NMRTrans: Structure Elucidation from Experimental NMR Spectra via Set Transformers
Liujia Yang, Zhuo Yang, Jiaqing Xie, Yubin Wang, Ben Gao, Tianfan Fu, Xingjian Wei, Jiaxing Sun, Jiang Wu, Conghui He, Yuqiang Li, Qinying Gu
TL;DR
This work tackles automated molecular structure elucidation from experimental NMR spectra by introducing NMRSpec, a large-scale corpus of real 1H and 13C spectra, and NMRTrans, a set-based Transformer that respects the unordered, permutation-invariant nature of NMR peak data. By encoding spectra as peak sets with spectrum-aware features and processing them through Induced Set Attention Blocks, NMRTrans achieves state-of-the-art performance on experimental benchmarks and demonstrates strong generalization to out-of-distribution data. The approach combines a permutation-invariant encoder with a cross-attentive, order-agnostic decoder to produce canonical SMILES, reinforced by a carefully curated dataset and extensive ablations that highlight the value of experimental data and architecture aligned with NMR physics. Overall, NMRSpec and NMRTrans advance scalable, reliable NMR-based structure elucidation with practical implications for high-throughput chemistry and automated spectral analysis.
Abstract
Nuclear Magnetic Resonance (NMR) spectroscopy is fundamental for molecular structure elucidation, yet interpreting spectra at scale remains time-consuming and highly expertise-dependent. While recent spectrum-as-language modeling and retrieval-based methods have shown promise, they rely heavily on large corpora of computed spectra and exhibit notable performance drops when applied to experimental measurements.
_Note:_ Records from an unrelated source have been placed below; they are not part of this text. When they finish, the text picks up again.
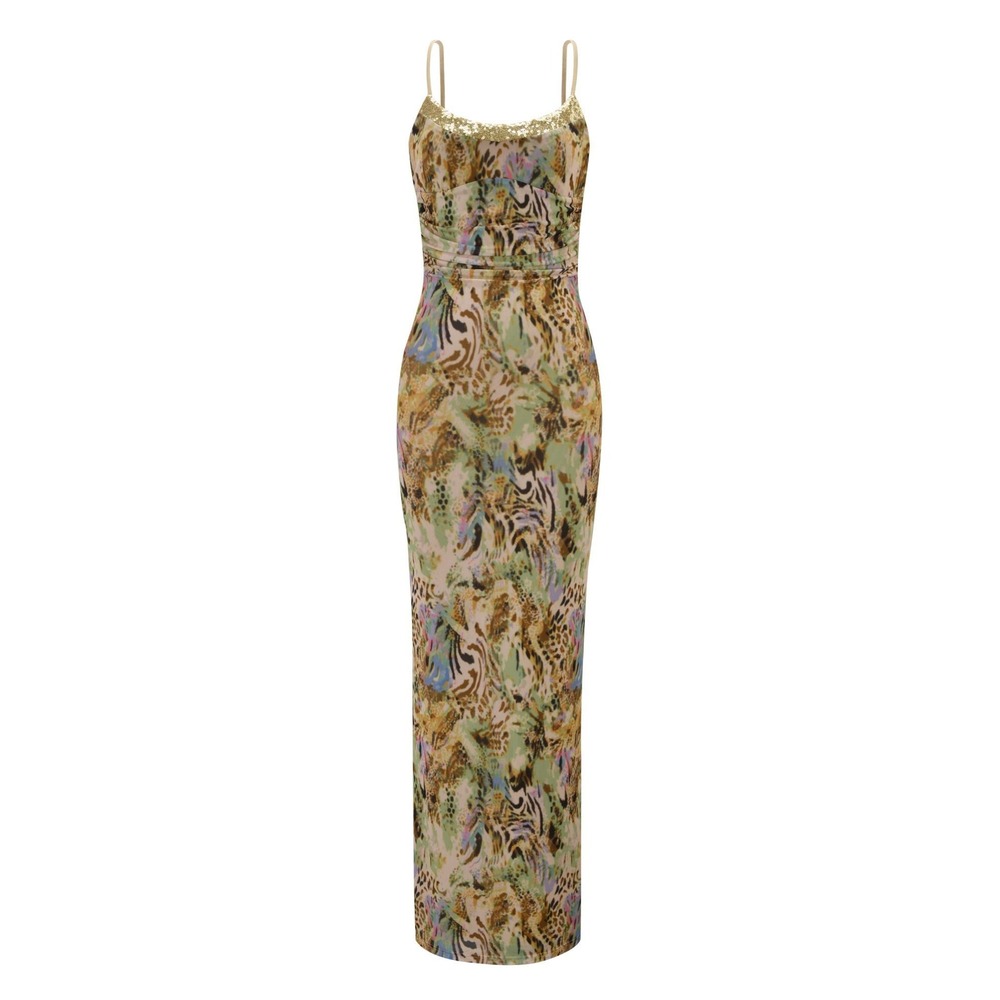 Tiger Mist Multicolor Animal Print Maxi Dress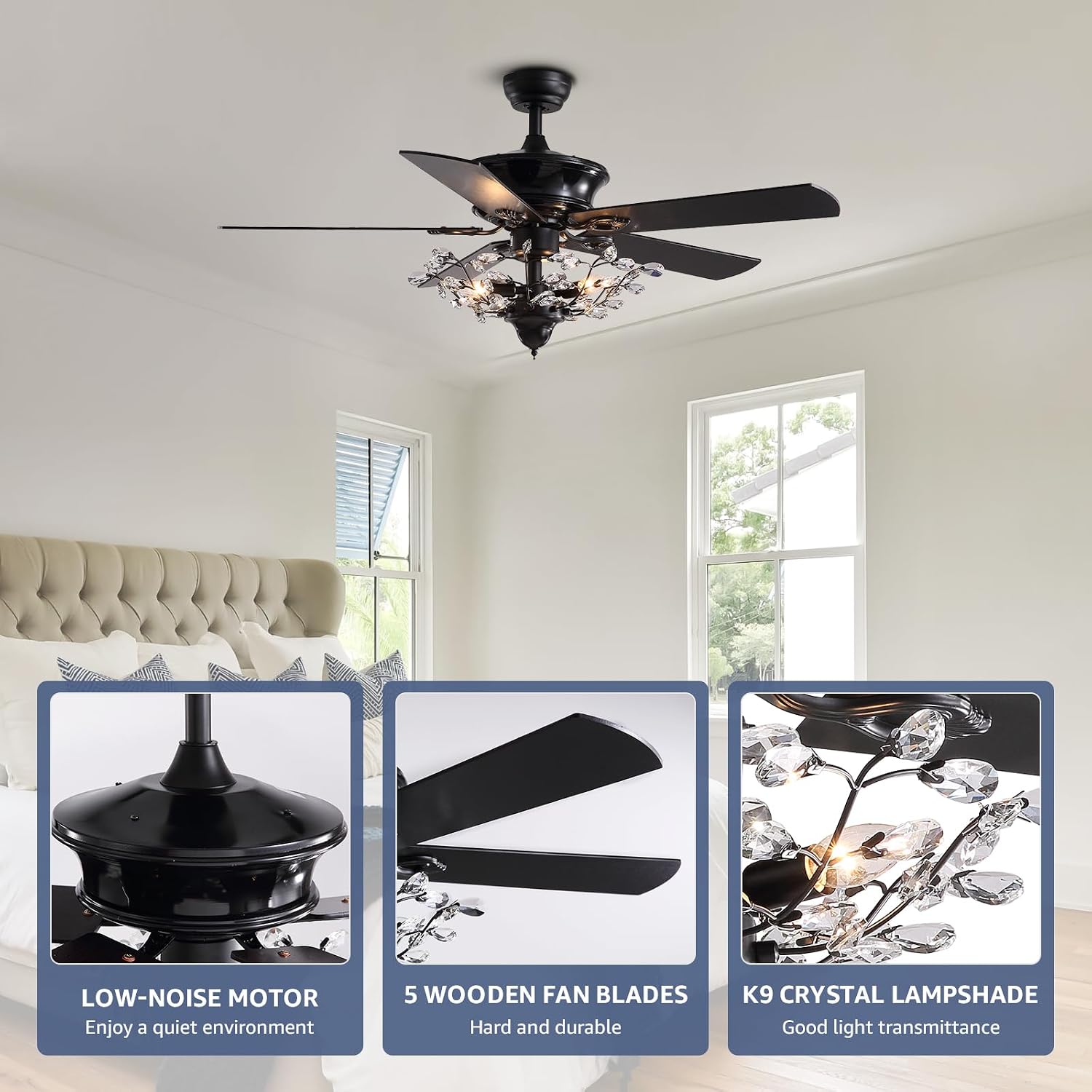 Modern Crystal Chandelier Ceiling Fan Gorgeous Reversible Ceiling Fan Light Fixture with Remote for Bedroom Living Room (Black-2, 50')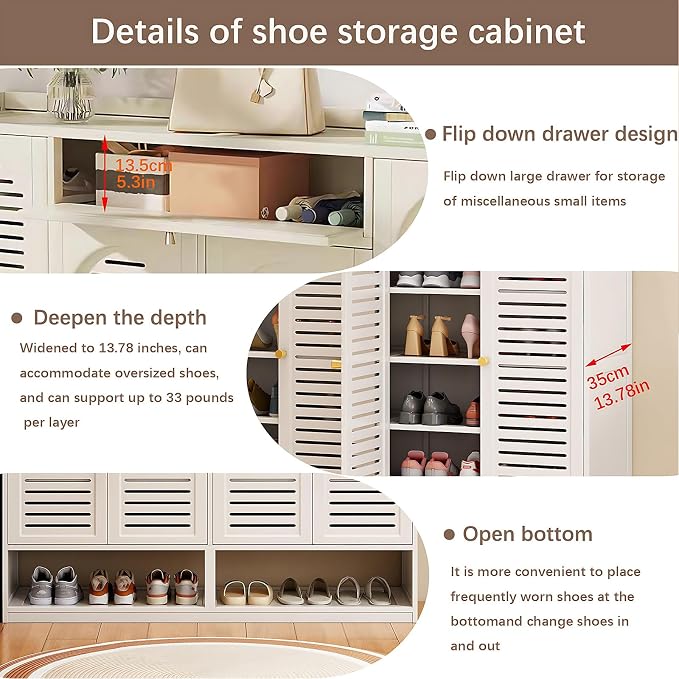 Shoe Cabinet with Louvered Doors, Freestanding Entryway Shoe Storage Cabinet with Drawer & Open Compartment, Modern Bamboo Shoe Rack Organizer with Thickened Adjustable Shelves for Closet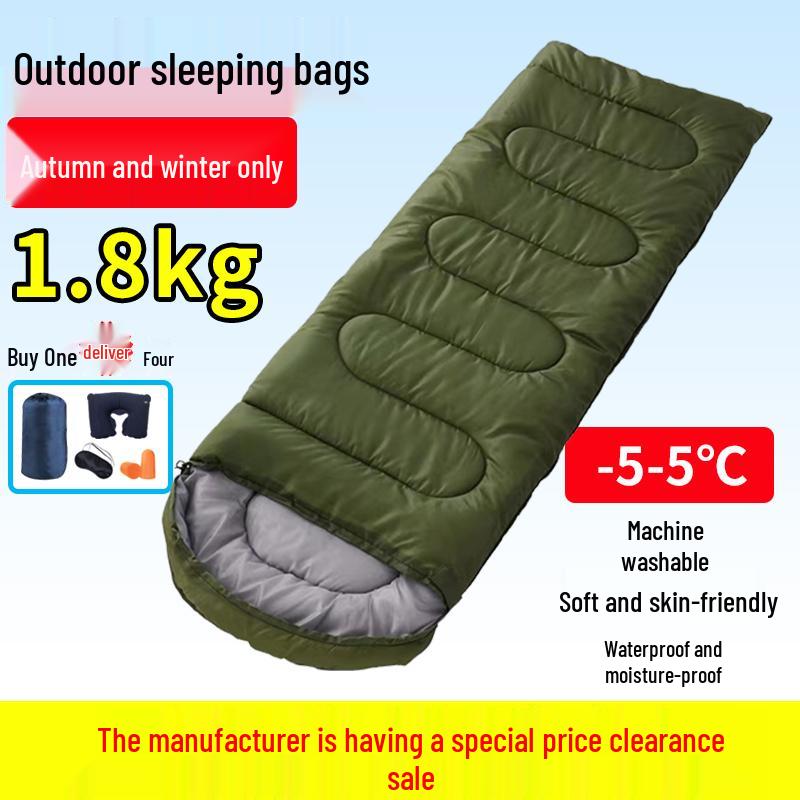 Vier-Jahreszeiten Erwachsenen-Schlafsack: Dick, Kältefest, Perfekt für Outdoor-Wintercamping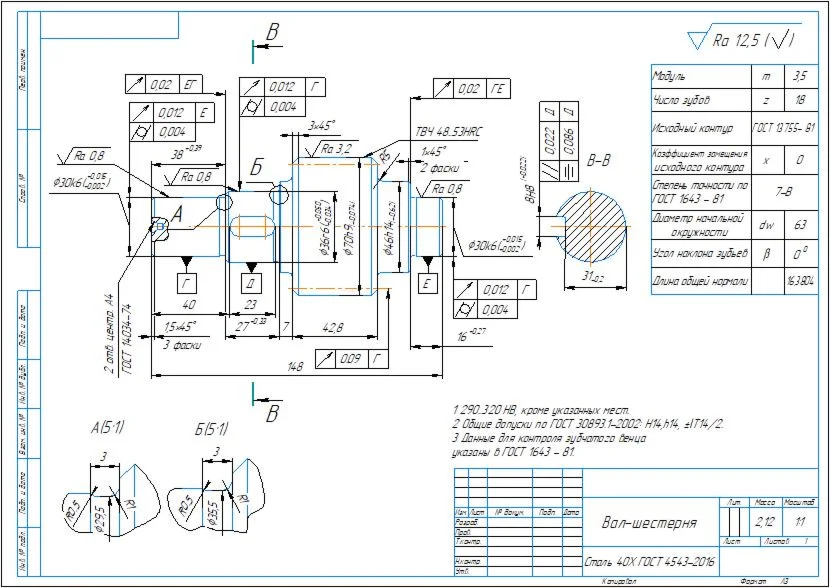 Drawings of technological setups for the shaft-gear par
To address these issues, we build NMRSpec, a large-scale corpus of experimental $^1$H and $^{13}$C spectra mined from chemical literature, and propose NMRTrans, which models spectra as unordered peak sets and aligns the model's inductive bias with the physical nature of NMR. To our best knowledge, NMRTrans is the first NMR Transformer trained solely on large-scale experimental spectra and achieves state-of-the-art performance on experimental benchmarks, improving Top-10 Accuracy over the strongest baseline by +17.82 points (61.15% vs. 43.33%), and underscoring the importance of experimental data and structure-aware architectures for reliable NMR structure elucidation.